> Problem description
Scan the material below for lines with the string "Inch". State how many there are and nothing else.

> Data for the task

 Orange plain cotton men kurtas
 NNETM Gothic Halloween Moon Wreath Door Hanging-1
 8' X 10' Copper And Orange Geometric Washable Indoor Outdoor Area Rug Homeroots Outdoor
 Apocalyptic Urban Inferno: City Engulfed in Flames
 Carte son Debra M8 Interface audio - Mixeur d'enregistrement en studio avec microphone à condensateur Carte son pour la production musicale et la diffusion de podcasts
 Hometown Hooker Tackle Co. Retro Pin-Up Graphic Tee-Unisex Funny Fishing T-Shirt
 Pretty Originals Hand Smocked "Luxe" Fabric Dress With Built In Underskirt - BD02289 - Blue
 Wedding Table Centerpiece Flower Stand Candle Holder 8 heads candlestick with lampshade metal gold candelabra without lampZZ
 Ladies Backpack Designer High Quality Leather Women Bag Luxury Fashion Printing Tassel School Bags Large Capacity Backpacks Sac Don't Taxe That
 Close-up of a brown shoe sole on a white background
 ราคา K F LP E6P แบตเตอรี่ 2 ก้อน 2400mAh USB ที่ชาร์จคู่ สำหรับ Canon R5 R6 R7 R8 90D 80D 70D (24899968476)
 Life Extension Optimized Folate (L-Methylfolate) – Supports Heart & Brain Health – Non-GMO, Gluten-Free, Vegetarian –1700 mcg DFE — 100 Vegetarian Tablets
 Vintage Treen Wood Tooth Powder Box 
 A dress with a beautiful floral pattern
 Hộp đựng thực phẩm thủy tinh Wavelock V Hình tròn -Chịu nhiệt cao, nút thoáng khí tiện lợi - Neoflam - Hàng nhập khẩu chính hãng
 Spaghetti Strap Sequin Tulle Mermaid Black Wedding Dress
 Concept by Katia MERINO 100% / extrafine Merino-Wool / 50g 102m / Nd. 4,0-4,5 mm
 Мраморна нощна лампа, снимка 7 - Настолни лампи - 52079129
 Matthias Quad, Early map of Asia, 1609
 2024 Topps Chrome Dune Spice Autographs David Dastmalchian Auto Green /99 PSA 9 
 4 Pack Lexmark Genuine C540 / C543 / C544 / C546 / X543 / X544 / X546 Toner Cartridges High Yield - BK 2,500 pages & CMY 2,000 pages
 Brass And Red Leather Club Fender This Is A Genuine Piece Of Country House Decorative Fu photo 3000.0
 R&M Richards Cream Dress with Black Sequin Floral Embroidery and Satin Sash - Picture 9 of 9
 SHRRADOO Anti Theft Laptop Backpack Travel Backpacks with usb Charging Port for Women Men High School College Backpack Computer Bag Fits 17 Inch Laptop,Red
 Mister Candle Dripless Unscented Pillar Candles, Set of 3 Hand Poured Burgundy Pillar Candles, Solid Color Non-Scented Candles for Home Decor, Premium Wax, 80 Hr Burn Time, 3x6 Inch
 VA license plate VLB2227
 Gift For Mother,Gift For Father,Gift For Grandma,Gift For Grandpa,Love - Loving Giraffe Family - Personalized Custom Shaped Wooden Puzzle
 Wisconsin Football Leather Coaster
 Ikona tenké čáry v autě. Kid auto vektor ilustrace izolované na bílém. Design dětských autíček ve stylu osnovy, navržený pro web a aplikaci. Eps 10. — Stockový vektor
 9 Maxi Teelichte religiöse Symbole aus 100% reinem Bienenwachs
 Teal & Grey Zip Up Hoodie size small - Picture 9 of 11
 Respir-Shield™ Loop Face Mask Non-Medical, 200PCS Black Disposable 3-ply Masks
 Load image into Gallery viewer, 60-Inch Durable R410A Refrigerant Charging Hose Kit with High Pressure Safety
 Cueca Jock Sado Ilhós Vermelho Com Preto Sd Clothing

> Task solution
3